Is working with the state of Georgia a bad thing? Like, bad enough to demand a new stadium in order to do it? Read back those questions to yourself out loud. Now see if you need to ask either of them again. (Answer: you do not.)

Are there any other reasons this is happening? In Atlanta we tear down anything that's been here for longer than 20 years, which is why I have to move in seven years and then return after a probationary period. It's just what we do.

Since this is an NFL stadium deal, how much blatant robbery of public money occurred here? A bit, but that's money long since stolen via the hotel tax, which by law must go towards “Promoting tourism, conventions, and trade shows." There are local costs to it, as there are with any tax, but the direct amount of money in theory is coming from tourism taxes levied on hapless conventioneers breezing through town.

Who got paid? The neighborhoods surrounding the Georgia Dome, who will receive $15 million of Blank Foundation money for community projects in addition to $15 million from the city's tax allocation funds to take to grant-matching attempts with other private donors. This part is pretty close to legitimate business as far as Blank's charitable donation, as the Blank Foundation is one of the city's largest private charities and a dedicated one at that. (Full disclosure: at one time I managed one of their grants for a local charity. They were full-stop great with no qualifiers, and have a good reputation in town for their work.)

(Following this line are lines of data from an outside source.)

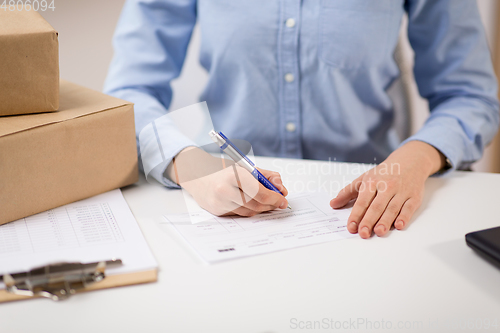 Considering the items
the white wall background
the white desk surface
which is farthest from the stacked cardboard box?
the white wall background

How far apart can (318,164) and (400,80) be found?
17.3 inches

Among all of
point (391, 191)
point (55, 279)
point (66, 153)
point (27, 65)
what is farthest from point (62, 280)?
point (391, 191)

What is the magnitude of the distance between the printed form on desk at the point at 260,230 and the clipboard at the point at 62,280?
10 centimetres

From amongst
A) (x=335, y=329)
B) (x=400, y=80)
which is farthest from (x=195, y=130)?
(x=400, y=80)

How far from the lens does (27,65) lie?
0.58 metres

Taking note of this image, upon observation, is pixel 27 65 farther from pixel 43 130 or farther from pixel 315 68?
pixel 315 68

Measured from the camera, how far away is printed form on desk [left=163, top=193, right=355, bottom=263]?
20.5 inches

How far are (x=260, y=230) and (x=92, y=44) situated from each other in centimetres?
117

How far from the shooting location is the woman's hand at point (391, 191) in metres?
0.57

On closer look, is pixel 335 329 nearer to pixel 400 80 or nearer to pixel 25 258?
pixel 25 258

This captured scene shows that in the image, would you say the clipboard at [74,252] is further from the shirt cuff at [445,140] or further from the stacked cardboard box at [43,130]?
the shirt cuff at [445,140]

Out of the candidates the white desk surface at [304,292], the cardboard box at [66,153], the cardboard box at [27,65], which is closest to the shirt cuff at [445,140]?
the white desk surface at [304,292]

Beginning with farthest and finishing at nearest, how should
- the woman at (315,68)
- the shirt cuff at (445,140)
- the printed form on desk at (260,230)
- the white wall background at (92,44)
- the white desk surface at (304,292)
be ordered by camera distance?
the white wall background at (92,44) < the woman at (315,68) < the shirt cuff at (445,140) < the printed form on desk at (260,230) < the white desk surface at (304,292)

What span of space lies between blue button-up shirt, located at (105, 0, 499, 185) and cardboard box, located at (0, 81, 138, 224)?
0.54 feet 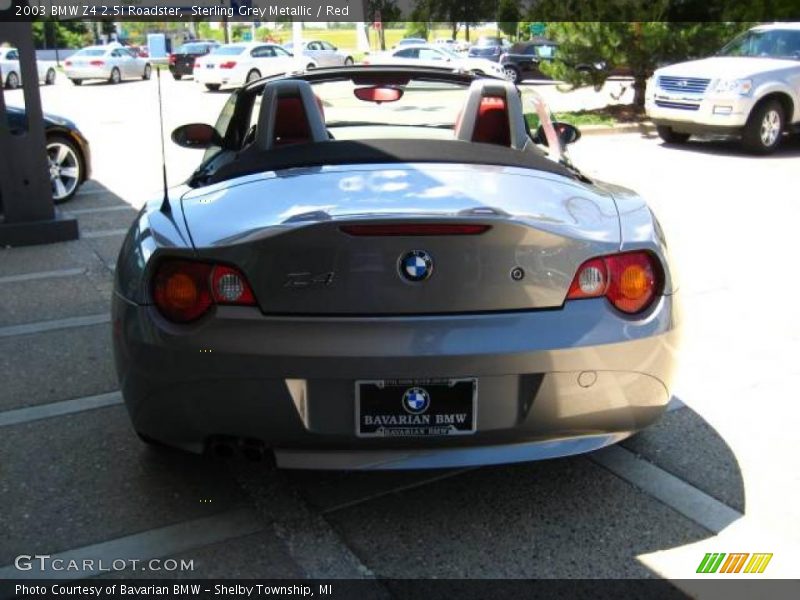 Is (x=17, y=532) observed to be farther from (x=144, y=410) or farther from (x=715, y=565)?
(x=715, y=565)

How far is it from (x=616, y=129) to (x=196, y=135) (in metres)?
12.6

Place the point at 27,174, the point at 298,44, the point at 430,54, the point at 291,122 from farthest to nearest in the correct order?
the point at 430,54 < the point at 298,44 < the point at 27,174 < the point at 291,122

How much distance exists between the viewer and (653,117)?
13.7m

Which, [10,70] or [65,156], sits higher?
[65,156]

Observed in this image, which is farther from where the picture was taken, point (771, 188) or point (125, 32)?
point (125, 32)

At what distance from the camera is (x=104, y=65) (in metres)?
32.6

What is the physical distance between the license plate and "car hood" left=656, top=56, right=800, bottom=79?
448 inches

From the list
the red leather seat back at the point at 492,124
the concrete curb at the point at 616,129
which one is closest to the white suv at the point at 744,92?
the concrete curb at the point at 616,129

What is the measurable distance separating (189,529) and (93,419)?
45.2 inches

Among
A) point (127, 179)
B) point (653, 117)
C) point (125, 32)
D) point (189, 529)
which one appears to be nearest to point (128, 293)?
point (189, 529)

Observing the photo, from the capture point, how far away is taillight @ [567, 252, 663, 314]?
2.72m

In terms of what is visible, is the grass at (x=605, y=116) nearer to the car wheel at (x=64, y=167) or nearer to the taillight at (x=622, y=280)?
the car wheel at (x=64, y=167)

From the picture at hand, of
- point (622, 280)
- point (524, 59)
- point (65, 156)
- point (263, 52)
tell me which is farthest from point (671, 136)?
point (524, 59)

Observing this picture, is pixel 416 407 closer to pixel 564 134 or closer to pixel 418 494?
pixel 418 494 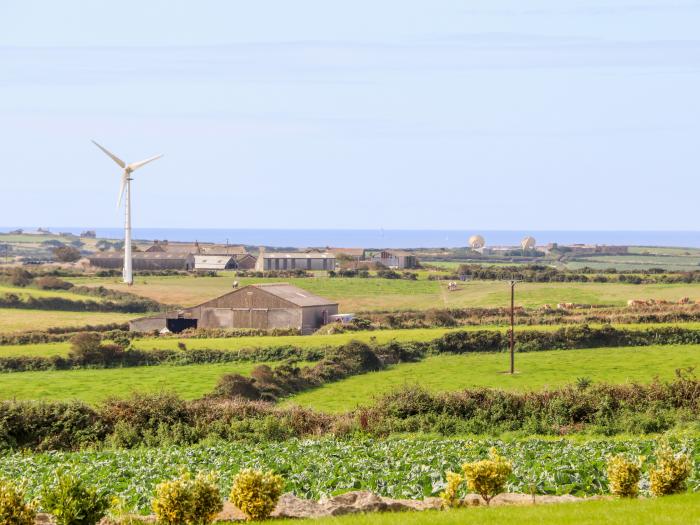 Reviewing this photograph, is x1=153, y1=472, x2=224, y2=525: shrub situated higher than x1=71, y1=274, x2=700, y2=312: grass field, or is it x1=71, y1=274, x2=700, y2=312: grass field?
x1=153, y1=472, x2=224, y2=525: shrub

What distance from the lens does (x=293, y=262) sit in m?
153

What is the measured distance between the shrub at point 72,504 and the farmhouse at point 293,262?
131346mm

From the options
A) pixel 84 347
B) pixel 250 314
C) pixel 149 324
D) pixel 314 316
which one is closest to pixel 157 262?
pixel 149 324

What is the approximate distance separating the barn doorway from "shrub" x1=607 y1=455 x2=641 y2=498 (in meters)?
68.9

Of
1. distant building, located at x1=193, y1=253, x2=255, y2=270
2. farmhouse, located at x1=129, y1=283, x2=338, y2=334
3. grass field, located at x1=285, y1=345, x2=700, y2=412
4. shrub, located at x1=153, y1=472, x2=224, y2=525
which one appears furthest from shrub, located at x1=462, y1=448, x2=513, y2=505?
distant building, located at x1=193, y1=253, x2=255, y2=270

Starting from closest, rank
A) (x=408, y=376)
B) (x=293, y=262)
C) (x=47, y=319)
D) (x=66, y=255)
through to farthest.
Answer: (x=408, y=376) < (x=47, y=319) < (x=293, y=262) < (x=66, y=255)

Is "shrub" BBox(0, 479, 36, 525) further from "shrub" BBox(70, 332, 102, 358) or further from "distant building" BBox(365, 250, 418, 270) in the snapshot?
"distant building" BBox(365, 250, 418, 270)

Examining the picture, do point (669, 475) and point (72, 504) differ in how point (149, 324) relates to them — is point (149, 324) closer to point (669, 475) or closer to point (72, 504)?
point (72, 504)

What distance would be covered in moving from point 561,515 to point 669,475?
11.4 feet

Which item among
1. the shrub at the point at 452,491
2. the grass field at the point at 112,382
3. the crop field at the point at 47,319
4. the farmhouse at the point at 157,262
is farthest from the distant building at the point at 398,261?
the shrub at the point at 452,491

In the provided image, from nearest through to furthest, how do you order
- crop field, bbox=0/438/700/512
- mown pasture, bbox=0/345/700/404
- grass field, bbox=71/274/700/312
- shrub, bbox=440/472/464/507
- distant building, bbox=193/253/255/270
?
shrub, bbox=440/472/464/507, crop field, bbox=0/438/700/512, mown pasture, bbox=0/345/700/404, grass field, bbox=71/274/700/312, distant building, bbox=193/253/255/270

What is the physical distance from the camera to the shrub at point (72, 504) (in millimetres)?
18828

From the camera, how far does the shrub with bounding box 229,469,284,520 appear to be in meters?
20.1

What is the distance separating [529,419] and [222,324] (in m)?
52.7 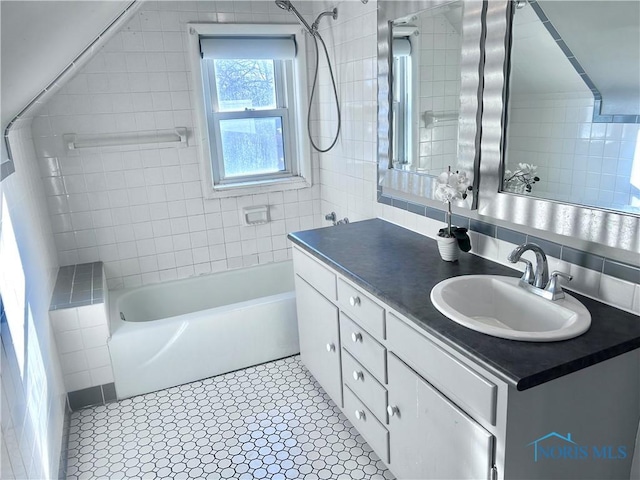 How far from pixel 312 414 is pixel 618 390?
4.81ft

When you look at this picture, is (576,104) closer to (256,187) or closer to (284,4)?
(284,4)

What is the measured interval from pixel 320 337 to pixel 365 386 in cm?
46

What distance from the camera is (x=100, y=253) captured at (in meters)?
3.10

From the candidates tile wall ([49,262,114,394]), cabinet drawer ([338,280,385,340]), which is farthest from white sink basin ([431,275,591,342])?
tile wall ([49,262,114,394])

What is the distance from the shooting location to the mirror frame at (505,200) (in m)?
1.45

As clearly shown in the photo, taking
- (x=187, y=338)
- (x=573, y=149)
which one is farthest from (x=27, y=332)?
(x=573, y=149)

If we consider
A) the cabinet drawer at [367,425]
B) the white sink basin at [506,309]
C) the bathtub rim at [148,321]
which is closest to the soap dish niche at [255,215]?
the bathtub rim at [148,321]

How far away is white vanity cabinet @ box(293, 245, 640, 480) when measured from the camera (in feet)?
4.22

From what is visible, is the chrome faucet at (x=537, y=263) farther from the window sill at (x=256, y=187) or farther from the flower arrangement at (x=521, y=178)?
the window sill at (x=256, y=187)

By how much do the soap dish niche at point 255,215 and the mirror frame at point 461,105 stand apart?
3.34 feet

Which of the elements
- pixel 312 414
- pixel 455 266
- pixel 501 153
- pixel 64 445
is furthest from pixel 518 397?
pixel 64 445

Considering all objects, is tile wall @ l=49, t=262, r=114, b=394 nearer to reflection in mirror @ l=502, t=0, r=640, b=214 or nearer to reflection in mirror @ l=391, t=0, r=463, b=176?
reflection in mirror @ l=391, t=0, r=463, b=176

Anyone else? The Falcons, in a sense, since they will have a heavy hand in the control of the new stadium but not end up owning the stadium. That ownership will likely remain with the GWCC in title, but make no mistake: this is Arthur Blank's stadium with a bit of public funding built into it.

Relatively speaking: how bad is it? Not as bad as it could be by miles (in theory.) Local tax rebellion enthusiasts will still scream at the local hotel tax money going to the Falcons new home, but most likely will do it from the suburbs where they live, and not from the city. The new stadium keeps the SEC title game in town, and lines Atlanta up for all the usual large sporting events that make up a solid chunk of the tourism economy: the Chick-fil-A Bowl, a hypothetical college football playoff game, the Final Four, WrestleMania stop yes WrestleMania is a major sporting event here no stop laughing it is.

So it doesn't sound too bad, no? No, not in theory. The Falcons get more control and a greater piece of their own pie for at least the next 30 years, the city keeps the team and gets a new stadium out of it with 80/20 private/public financing, and we're not Tampa, Minnesota, or Cincinnati. (Man, we are so not Cincinnati.) More importantly, Arthur Blank is not Jerry Richardson, crying poverty while making a tidy profit and lining up his host city for the bulk of stadium costs. The worst threat the Falcons made was moving out to the suburbs, something literally every person, business, or stray dog in the city of Atlanta has done at one point.

But that stadium was opened in 1992. It can't even drink yet. That part is still a bit mystifying, honestly, but with the stadium set to open in 2017 the Georgia Dome will have a chance to enjoy a few years of legal consumption. Also, stadiums are inanimate objects and can't drink, and this is a silly question. Blank's not going to live forever, and at 70 years old he probably wanted to secure the home for the Falcons before he got too far into his pajamas-and-brandy years.

In theory, this sort of works. In theory, yes. A lot could happen in between happy press conference and 2017. Costs could skyrocket. New taxes could somehow become necessary, and then we'll be having the same conversation about Arthur Blank and the Falcons that we have about every other owner and team in the NFL when it comes to stadiums and public financing. For now this doesn't seem too bad, but theory is the easy part. Practice is a whole different matter.